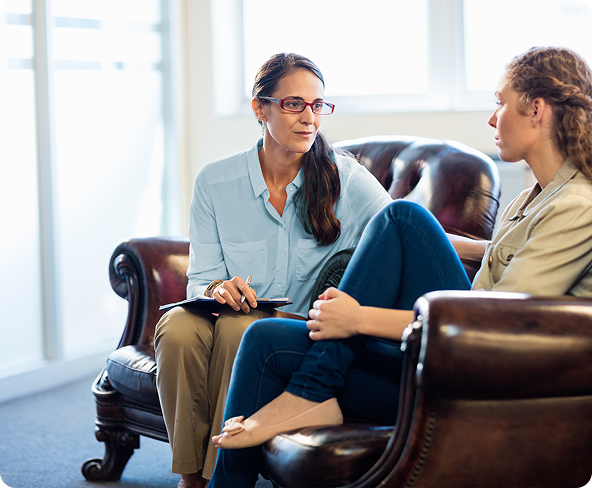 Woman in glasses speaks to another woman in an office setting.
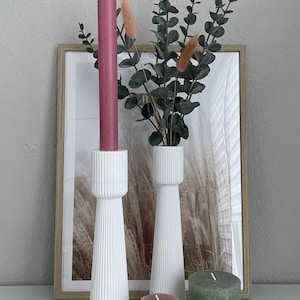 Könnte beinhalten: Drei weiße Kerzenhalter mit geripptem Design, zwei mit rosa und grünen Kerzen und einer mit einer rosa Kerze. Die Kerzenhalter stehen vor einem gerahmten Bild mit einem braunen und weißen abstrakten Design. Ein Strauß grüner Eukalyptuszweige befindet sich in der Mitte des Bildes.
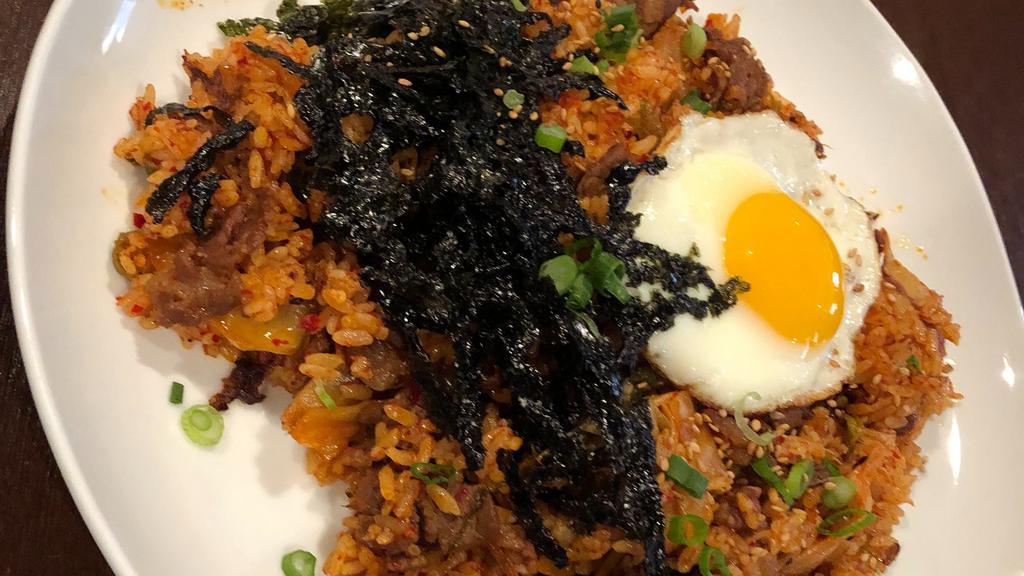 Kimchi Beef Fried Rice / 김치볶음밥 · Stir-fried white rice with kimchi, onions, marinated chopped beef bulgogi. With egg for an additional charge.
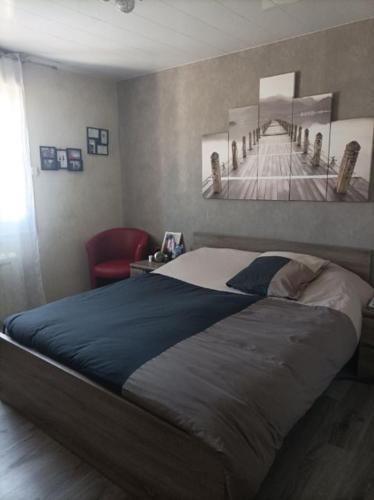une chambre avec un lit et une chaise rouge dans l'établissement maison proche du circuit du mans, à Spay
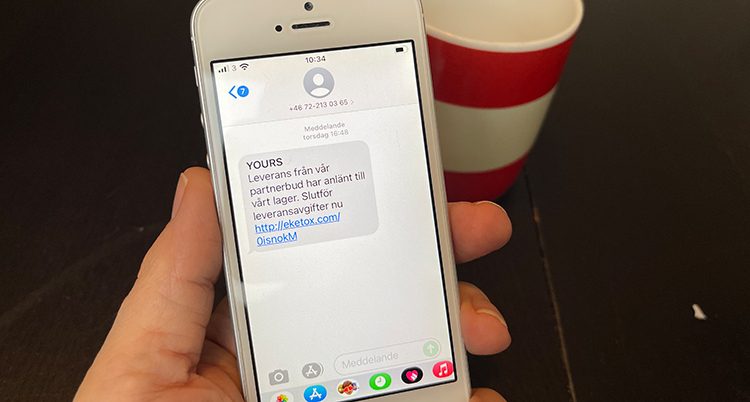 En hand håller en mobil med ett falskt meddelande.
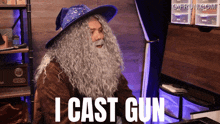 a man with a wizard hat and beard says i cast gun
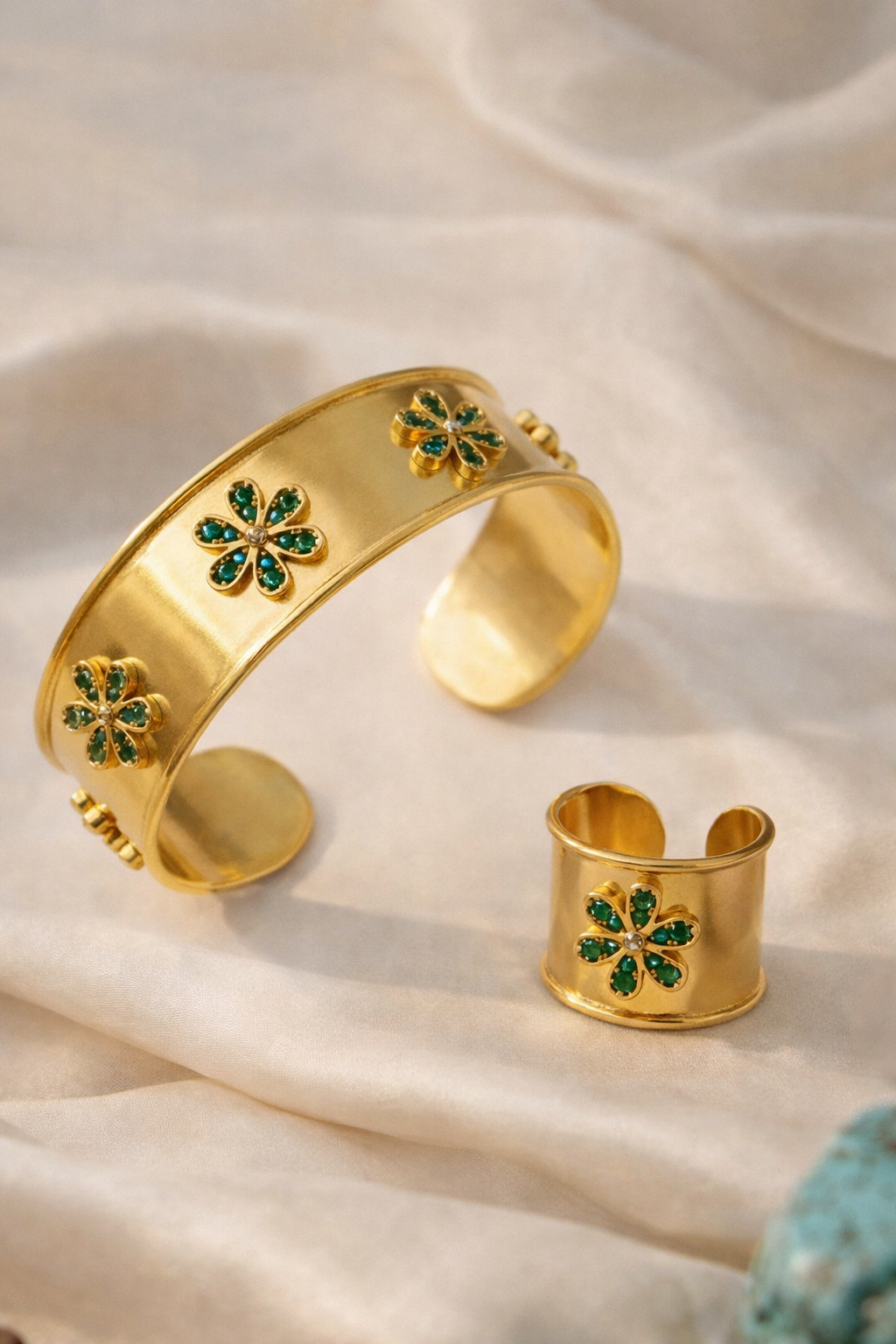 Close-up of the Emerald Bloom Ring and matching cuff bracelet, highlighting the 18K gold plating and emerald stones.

___

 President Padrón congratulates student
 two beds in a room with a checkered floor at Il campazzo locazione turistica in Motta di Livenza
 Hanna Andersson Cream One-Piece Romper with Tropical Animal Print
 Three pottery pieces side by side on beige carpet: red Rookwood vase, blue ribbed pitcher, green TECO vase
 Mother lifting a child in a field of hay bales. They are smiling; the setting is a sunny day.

___

▶ _WHAT THIS TASK INVOLVES_:
Keep to the stretch from the line containing "En hand håller" through the line containing "Close-up of the", both ends included, and copy it exactly from the listing above, minus the pictures.

▶ _EXERCISE SOLUTION_:
 En hand håller en mobil med ett falskt meddelande.
 a man with a wizard hat and beard says i cast gun
 Close-up of the Emerald Bloom Ring and matching cuff bracelet, highlighting the 18K gold plating and emerald stones.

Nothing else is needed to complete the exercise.